Apesar da ruptura de linguagem no YouTube em relação aos formatos tradicionais de mídia televisiva, inclusive pelo fato das pessoas odiarem aquele comercial que aparece na introdução dos vídeos que querem assistir no YouTube, os publicitários ainda usam dessas velhas ferramentas na rede. Não é bonito, nem tão interessante quanto assistir um vídeo de humor que remete de maneiras indiretas à marca.
Mas a produtora tem recebido e produzido cada vez mais vídeos humorísticos, que eles juram terem total liberdade para produzir, por encomenda de anunciantes. A Fiat foi a primeira à fazer isso, e seus vídeos encomendadas já tiveram mais de 10 milhões de views. Outro uso marcante de novelas globais que migrou para o canal foi o merchandising editorial (ou product placement) que os humoristas já mostraram (e fizeram piada) com a cerveja Itaipava e com o Iogurte Danette.
Ambos "misteriosamente" já foram tirados do ar, não se sabe se por questões contratuais no caso Itaipava, ou pela dúvida, em relação ao vídeo da Danette, se a esquete era encomendada ou se era uma crítica mesmo ao "merchan". Dúvida que também repercutiu e gerou mais polêmica.
Assista os vídeos:
Lição 3 – Aprenda a convergir canais.
No começo de setembro deste ano o Porta lançou um vídeo em que apresenta ao público a linha de camisetas que eles passariam a comercializar. Todas elas fazem referências diretas à vídeos que foram sucesso do canal, e linkam no final deste à lija recém inaugurada por eles, que além de camisetas vende também o livro, e em breve imagino que outros ítens.
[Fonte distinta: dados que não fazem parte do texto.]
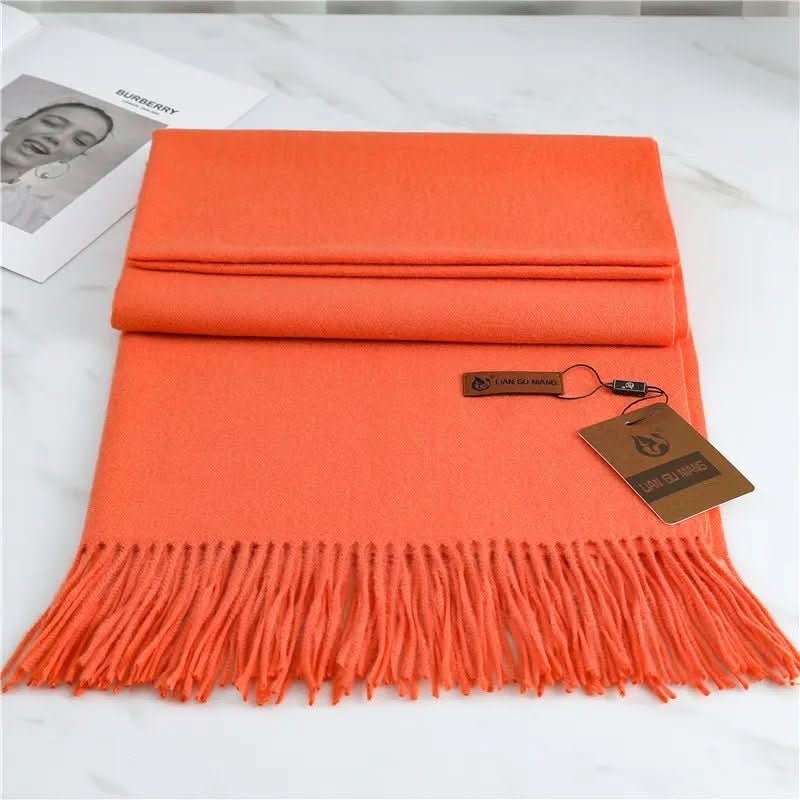 Oak & Coral | Cashmere Scarf with Tassels for Warmth and Elegance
Numa sacada genial de convergência e auto-referência, eles colocam no mercado um produto que irá fazer mais mídia ainda para eles, com os consumidores enquanto outdoors humanos remetendo aos próprios vídeos. Outro exemplo de sacada de convergência de canais é a maneira maciça que os atores da trupe tem se exposto na televisão, inclusive remetendo subjetivamente vídeos do YouTube com a propaganda na TV (caso do Guaraná Kuat), ou ainda fazendo campanhas para sites do mundo digital, como Gregório Duvivier para o Buscapé. Um cara que tem coragem de botar o dedo na ferida de marcas anti-éticas só pode ser um bom garoto propaganda.
Assista o vídeo:
Lição 4 – Aprenda a rir de si mesmo e gerencie os ecos com as ferramentas certas.
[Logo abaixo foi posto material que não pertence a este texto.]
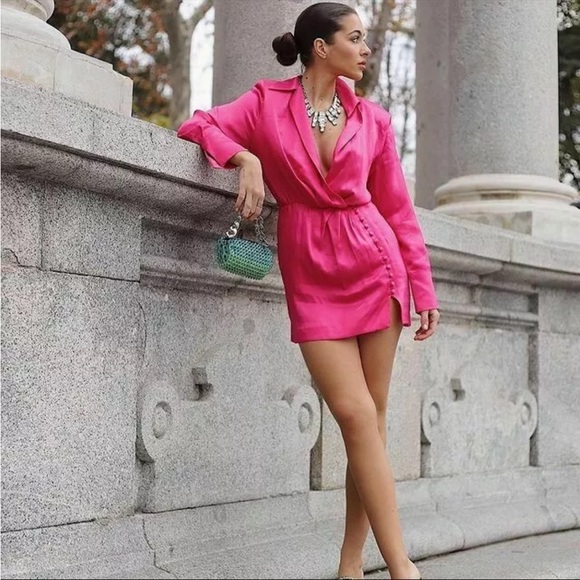Zara hot pink satin effect button down long sleeve mini dress L - Picture 2 of 14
Fazendo referência a única campanha de marketing de engajamento da história brasileira que atingiu 100% da base no Facebook, as latinhas com nome da Coca Zero também foram alvo de gozação do canal. Na esquete "Na Lata", uma consumidora de nome Kéllen vai ao supermercado e procura uma latinha com o seu nome.
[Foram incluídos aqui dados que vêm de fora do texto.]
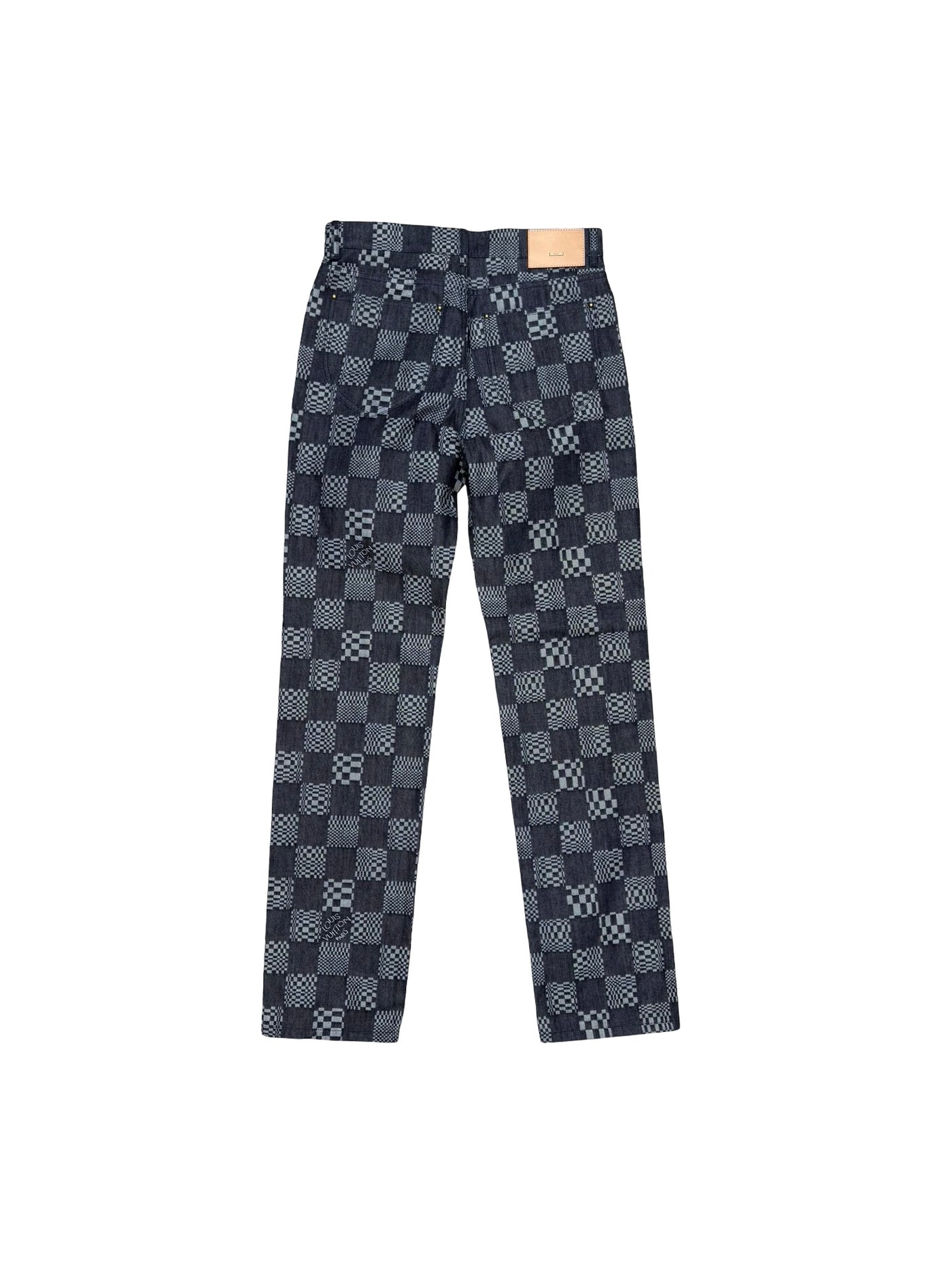 Louis Vuitton Distorted Damier Print Jeans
O atendente, de nome Uélerson, diz então que "nome-merda" a Coca não faz, e que ela quiser achar seu "nome de pobre" é para procurar na prateleira de Dolly, marca do refrigerante popular conhecido por "clonar" a Coca Cola. O Diretor de Estratégia Criativa Brasil, Gian Martinez declarou que entendeu o vídeo como uma "homenagem", e um ótimo caso de engajamento e buzz. No mesmo dia a fan page da Coca-Cola Zero no Facebook postou 3 fotos, abraçando a piada, de latinhas escritas "Quanto mais" Porta dos Fundos, Kellen e Uelerson melhor. A repercussão não podia ser melhor, gerando milhares de likes e compartilhamentos.
Assista o vídeo:
Muitas vezes as pessoas confundem, então, o que é humor e o que é marketing. Ou só querem um endosso daqueles caras engraçados enquanto "formadores de opinião. Claro que já começaram as críticas que a produtora têm gerado uma superexposição do canal e dos atores em todas as mídias.
Mas o fato é que eles mostram que ainda tem muito coisa para mostrar e ensinar para os marketeiros que querem cada vez mais sedimentar e expor marcas e produtos nesta era cada vez mais dinâmica. O paradigma hoje não é só o que mostrar ao público web, mas como abordar ele.